Friday, February 24, 2012


"Later, in my adulthood, I will . . . understand that I wasn't equipped, as a child, to make room for arguments that would undermine every single choice made for me, that would shatter the foundations of my very existence. I would see that I had to believe everything I was taught, if only to survive. For a long time, I wouldn't be ready to accept that my worldview could be wrong, but I do not look back with shame on my ignorance. It was that innocence that (grandfather) tried to distill in me, the sweet, childlike naivete of my ancestors that is supposed to to last on into adulthood and even old age, and that I would eventually shed almost all of, except the very basic root of it at the heart of my nature. years later, even when I gazed at the world with eyes wide open, I would still be innocent in my heart." This is a quote from "Unorthodox, The Scandalous Rejection of my Orthodox Roots," by Deborah Feldman, which I've recently downloaded to my Kindle, where it joins "Leaving the Saints," by Martha Beck. (Is there a term for this genre?
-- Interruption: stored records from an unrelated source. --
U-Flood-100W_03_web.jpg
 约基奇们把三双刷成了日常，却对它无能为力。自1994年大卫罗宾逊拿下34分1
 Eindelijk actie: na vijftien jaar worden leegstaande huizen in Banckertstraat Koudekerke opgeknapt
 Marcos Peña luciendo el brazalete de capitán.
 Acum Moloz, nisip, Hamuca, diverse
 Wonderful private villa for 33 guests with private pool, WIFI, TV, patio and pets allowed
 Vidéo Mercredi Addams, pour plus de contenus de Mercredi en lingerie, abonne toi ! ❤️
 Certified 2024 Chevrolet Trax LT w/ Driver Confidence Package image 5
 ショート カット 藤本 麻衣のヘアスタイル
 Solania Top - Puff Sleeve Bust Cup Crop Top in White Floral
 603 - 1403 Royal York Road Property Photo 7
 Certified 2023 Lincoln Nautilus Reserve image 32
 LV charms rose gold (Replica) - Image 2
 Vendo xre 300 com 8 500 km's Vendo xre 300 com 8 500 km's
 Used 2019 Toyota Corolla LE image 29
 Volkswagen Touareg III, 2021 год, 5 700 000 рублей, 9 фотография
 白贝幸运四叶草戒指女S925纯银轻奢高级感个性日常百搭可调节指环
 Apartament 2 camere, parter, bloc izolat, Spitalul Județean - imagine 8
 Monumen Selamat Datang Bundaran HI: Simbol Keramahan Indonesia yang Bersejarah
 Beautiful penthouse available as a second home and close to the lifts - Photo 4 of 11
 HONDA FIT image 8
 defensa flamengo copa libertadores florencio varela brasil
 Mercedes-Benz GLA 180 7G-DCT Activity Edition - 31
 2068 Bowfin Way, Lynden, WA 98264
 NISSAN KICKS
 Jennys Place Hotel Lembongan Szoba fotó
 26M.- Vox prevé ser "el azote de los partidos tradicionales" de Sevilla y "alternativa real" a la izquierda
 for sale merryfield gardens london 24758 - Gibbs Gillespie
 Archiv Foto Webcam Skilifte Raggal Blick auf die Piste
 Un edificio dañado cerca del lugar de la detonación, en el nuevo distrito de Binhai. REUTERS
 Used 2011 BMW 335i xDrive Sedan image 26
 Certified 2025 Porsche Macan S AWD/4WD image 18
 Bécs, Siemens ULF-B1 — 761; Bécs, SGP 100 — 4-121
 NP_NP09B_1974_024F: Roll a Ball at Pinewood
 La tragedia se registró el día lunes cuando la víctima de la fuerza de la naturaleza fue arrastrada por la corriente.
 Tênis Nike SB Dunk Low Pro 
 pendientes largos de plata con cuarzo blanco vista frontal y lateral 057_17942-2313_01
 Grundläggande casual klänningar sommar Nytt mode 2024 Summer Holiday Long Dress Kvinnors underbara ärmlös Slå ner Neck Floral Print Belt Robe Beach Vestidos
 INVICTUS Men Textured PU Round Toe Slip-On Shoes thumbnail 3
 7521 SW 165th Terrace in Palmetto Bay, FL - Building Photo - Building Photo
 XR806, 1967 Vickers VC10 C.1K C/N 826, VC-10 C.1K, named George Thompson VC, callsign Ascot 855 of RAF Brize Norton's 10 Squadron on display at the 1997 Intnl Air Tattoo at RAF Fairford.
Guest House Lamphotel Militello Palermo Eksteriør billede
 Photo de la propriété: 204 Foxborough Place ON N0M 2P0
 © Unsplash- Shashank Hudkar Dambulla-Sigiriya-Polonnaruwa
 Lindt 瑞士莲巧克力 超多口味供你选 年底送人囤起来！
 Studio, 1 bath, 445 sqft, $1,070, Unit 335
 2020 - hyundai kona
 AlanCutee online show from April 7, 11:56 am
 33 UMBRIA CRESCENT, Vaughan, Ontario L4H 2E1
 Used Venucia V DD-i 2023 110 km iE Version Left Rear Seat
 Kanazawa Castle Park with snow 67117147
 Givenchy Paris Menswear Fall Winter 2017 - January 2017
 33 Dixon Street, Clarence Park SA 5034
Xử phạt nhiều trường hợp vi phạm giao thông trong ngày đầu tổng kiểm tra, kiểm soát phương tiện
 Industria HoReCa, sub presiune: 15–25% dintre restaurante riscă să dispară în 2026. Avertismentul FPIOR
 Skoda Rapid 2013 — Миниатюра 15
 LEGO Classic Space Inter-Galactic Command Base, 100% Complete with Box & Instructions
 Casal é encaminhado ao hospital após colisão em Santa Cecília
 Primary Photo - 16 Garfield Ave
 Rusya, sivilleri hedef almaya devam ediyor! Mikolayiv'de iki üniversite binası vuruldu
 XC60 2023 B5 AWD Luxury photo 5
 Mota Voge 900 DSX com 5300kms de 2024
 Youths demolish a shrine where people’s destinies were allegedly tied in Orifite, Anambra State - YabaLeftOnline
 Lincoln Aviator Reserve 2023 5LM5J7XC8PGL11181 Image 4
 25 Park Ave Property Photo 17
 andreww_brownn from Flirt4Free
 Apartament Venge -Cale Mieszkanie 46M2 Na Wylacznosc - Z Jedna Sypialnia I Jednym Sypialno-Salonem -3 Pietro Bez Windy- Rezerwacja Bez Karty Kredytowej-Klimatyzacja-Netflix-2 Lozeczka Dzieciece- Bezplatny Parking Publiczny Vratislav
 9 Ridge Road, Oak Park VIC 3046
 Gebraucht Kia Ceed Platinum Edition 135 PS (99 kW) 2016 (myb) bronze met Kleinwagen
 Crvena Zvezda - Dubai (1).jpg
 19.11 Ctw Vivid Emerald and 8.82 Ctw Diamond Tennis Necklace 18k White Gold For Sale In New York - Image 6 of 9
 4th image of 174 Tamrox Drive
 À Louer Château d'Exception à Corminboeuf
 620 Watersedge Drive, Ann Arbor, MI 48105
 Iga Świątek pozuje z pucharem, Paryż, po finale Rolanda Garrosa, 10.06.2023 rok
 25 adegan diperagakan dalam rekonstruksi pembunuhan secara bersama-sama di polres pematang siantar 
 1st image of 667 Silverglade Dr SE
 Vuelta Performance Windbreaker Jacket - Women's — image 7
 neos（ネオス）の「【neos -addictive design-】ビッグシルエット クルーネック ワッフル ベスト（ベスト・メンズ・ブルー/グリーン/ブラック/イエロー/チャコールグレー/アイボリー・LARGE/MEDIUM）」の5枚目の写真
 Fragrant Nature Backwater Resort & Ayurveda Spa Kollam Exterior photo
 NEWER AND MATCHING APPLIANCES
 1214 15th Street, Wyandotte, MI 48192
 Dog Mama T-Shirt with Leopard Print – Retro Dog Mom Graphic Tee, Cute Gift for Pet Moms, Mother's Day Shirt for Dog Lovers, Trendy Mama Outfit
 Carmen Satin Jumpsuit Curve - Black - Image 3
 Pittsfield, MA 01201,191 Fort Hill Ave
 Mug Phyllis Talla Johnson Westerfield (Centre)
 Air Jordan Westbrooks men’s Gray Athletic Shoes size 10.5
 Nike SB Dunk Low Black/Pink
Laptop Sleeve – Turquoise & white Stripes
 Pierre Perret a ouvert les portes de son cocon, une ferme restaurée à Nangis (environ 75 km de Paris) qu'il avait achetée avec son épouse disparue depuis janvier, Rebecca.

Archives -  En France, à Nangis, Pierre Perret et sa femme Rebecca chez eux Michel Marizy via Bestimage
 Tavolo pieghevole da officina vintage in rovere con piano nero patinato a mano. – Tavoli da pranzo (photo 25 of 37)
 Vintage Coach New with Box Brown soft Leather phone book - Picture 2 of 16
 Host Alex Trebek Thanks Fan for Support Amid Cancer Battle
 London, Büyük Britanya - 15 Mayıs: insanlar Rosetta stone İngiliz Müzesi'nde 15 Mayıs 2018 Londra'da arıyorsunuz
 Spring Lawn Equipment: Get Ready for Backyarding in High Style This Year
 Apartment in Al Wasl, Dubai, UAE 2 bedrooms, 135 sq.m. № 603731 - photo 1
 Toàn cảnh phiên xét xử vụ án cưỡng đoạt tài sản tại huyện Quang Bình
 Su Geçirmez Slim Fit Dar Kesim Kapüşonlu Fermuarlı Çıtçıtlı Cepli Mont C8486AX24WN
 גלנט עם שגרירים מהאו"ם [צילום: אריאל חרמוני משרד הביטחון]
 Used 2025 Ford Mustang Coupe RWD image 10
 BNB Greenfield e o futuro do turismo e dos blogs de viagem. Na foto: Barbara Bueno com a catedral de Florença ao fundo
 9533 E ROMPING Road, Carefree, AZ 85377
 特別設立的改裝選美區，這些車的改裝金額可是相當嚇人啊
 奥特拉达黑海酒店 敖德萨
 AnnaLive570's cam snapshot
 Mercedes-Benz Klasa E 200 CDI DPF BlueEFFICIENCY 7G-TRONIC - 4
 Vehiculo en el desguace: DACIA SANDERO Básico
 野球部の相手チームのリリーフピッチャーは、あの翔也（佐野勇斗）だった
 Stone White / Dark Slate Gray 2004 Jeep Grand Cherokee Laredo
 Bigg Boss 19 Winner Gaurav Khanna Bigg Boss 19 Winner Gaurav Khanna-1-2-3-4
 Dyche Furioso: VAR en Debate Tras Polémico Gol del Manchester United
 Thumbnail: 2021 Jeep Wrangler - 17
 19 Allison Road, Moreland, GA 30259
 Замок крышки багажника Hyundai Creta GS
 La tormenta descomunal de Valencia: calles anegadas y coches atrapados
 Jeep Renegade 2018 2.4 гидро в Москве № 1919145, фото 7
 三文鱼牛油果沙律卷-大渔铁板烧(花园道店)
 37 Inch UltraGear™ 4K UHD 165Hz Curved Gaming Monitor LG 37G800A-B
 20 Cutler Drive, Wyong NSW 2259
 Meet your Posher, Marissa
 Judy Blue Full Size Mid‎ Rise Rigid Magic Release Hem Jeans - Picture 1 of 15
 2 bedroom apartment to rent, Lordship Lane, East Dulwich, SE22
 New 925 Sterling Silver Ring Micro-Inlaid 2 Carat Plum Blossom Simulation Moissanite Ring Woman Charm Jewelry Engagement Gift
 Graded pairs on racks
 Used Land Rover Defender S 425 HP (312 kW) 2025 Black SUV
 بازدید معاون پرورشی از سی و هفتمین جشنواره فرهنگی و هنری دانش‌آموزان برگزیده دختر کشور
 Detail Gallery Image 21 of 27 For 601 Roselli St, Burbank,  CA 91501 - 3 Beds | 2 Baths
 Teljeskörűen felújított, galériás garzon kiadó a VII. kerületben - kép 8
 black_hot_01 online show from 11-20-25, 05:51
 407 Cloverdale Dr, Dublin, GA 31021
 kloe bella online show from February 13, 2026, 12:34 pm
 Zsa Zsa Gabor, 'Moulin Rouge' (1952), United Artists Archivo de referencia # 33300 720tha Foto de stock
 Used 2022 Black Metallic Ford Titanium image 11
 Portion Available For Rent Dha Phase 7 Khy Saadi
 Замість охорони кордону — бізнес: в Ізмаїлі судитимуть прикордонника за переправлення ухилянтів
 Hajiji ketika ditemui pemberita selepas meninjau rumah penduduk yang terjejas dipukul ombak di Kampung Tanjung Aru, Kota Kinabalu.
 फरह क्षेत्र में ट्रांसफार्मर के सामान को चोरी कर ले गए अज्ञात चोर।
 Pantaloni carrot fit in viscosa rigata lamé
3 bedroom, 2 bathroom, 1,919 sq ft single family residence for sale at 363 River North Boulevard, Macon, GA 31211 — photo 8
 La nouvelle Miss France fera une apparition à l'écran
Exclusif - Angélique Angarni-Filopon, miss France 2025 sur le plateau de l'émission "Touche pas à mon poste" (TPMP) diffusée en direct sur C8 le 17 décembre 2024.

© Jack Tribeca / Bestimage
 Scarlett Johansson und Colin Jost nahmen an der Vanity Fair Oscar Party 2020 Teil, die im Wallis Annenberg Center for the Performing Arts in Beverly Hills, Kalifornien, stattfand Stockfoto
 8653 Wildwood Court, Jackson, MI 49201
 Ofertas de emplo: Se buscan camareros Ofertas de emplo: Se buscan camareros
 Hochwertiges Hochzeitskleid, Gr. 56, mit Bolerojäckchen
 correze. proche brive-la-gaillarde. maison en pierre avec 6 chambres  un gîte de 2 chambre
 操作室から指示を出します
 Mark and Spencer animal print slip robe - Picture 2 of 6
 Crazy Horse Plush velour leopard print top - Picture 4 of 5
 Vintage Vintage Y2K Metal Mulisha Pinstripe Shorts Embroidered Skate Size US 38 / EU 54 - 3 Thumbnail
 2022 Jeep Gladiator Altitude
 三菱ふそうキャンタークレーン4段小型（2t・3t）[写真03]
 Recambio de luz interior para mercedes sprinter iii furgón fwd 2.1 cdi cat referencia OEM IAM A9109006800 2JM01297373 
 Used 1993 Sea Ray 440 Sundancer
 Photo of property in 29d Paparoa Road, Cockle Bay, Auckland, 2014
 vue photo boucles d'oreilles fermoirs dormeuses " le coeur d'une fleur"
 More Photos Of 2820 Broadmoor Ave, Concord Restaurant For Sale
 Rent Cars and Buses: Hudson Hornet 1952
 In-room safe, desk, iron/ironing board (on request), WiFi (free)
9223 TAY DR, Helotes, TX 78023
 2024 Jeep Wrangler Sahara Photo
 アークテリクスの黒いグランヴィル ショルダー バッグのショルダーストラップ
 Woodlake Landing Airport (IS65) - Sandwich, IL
Heretic narrative?)


  1. I finished the book and give it a qualified recommendation. Part of me was fascinated by the details of Hassidism and its parallels to the fundamentalism of my childhood, while part of me was repelled by the author's callousness in publishing negative personal details as well as photos of her relatives. I love my family, no matter how much I disagree with them about religion. I can't imagine shaming them intentionally. Read and judge for yourselves.

  2. I would tend to disagree- I think there are instances where people should be shamed. Perhaps my personal experience is my guiding light, though. The book sounds interesting- Apostate narrative?- I'd like to read it! (I would put Jesus Camp and Foreskin's Lament in this category, too.)